Monday, Sep. 11, 1972

Papal Bull

POPE JOAN

Directed by MICHAEL ANDERSON

Screenplay by JOHN BRILEY

In its unstinting quest for novelty, Hollywood has really come up with something new this time: a Pope who gives birth.

It must be added that this Pope is really a nun called Joan. The time is the Middle Ages. The Saxons, as is their wont, have been sacking the countryside, raping and pillaging and generally making a nuisance of themselves. Under such circumstances, it is hardly safe for a young nun to travel openly. When Joan (Liv Ullmann) must flee her nunnery, loyal Father Adrian (Maximilian Schell) chops her long honey-colored hair into a kind of modified Sassoon, outfits her in a monk's habit and runs with her from the marauding hordes.

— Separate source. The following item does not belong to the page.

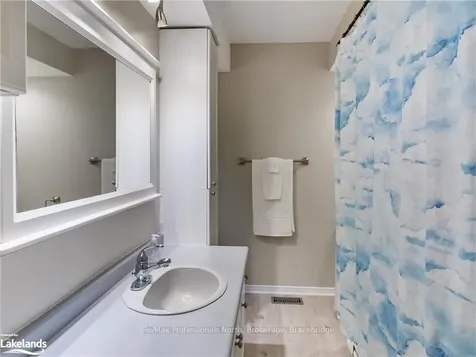 1276 Nicholls Road Bracebridge ON P1L 1W9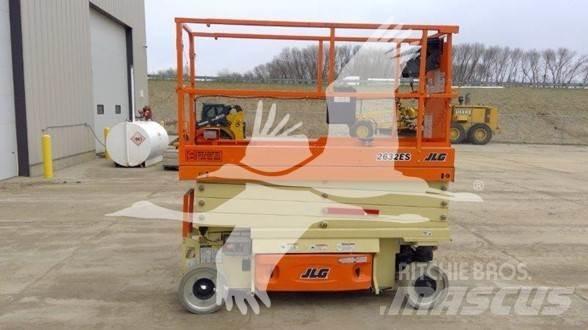 JLG 2632ES Scheren-Arbeitsbühnen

There is indeed a legend that a woman disguised as a man sat on the throne of St. Peter some time in the 9th century. Surely, however, the legend could not have been as turgid or as invincibly dull as the film that has been fashioned from it. The film makers, making a wild scramble for contemporary relevance, have chosen to frame the story with a singularly absurd yarn about a schizoid evangelist (also portrayed by Miss Ullmann) who believes she is Pope Joan. "Classic case of withdrawal," mutters Psychiatrist Keir Dullea, peering at her through huge spectacles.

By means of flashbacks, Pope Joan correlates the legend with the life of the young evangelist: the nunnery is inter cut with a modern orphanage, Joan's monk father with a back-country Bible thumper, and so on. Invention frequently flags, and there are great barren stretches of the movie that contain no contemporary parallels whatever, presumably because the scenario could invent no 20th century equivalents for the Saxons or the intrigues of the papal court under Leo, who is zestfully portrayed by Trevor Howard.

Pope Joan is excellently photo graphed by Billy Williams (Women in Love, Sunday Bloody Sunday) and contains a valiant English-speaking debut by Miss Ullmann, who in the films of Ingmar Bergman has established herself as an actress who must be called great. It is a reputation that may not survive many more movies like this one.